BEGIN

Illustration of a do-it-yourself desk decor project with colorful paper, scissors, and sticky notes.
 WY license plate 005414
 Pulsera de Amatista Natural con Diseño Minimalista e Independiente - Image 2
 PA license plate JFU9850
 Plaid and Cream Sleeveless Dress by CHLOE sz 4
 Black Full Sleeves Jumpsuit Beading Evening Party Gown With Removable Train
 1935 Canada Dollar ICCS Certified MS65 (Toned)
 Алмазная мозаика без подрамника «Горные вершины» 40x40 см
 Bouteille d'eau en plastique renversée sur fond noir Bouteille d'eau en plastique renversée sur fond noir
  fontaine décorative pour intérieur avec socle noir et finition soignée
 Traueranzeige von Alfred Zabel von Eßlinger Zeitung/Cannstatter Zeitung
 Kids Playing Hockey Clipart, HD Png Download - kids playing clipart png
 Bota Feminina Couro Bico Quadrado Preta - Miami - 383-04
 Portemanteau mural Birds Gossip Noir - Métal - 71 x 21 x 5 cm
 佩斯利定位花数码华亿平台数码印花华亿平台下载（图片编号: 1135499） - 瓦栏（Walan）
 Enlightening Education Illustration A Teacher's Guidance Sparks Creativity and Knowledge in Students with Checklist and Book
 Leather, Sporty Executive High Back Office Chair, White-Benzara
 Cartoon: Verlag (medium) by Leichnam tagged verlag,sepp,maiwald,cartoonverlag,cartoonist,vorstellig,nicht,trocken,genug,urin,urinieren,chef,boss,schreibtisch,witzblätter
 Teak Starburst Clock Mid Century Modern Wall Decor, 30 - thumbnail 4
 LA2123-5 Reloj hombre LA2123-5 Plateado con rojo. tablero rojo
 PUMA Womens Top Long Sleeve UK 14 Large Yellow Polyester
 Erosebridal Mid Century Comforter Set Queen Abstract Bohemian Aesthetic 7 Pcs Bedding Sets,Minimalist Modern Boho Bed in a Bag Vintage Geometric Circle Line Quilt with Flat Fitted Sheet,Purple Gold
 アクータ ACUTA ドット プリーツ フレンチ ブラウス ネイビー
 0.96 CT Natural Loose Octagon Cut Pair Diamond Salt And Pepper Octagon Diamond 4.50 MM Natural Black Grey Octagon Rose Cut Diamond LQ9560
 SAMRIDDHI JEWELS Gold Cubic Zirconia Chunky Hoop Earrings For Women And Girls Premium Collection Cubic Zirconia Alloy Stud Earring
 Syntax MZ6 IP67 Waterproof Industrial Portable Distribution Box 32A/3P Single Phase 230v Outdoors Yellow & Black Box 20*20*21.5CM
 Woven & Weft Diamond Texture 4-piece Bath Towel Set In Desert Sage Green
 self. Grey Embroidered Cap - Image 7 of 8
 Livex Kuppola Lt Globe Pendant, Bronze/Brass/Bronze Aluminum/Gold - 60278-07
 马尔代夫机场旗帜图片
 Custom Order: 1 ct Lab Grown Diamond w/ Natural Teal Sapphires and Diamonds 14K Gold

END

=== What to do ===
Set down only the lines above that fall between the line holding "Kids Playing Hockey" and the line holding "佩斯利定位花数码华亿平台数码印花华亿平台下载（图片编号: 1135499） - 瓦栏（Walan）", inclusive, keeping each exact.

=== Answer area ===
 Kids Playing Hockey Clipart, HD Png Download - kids playing clipart png
 Bota Feminina Couro Bico Quadrado Preta - Miami - 383-04
 Portemanteau mural Birds Gossip Noir - Métal - 71 x 21 x 5 cm
 佩斯利定位花数码华亿平台数码印花华亿平台下载（图片编号: 1135499） - 瓦栏（Walan）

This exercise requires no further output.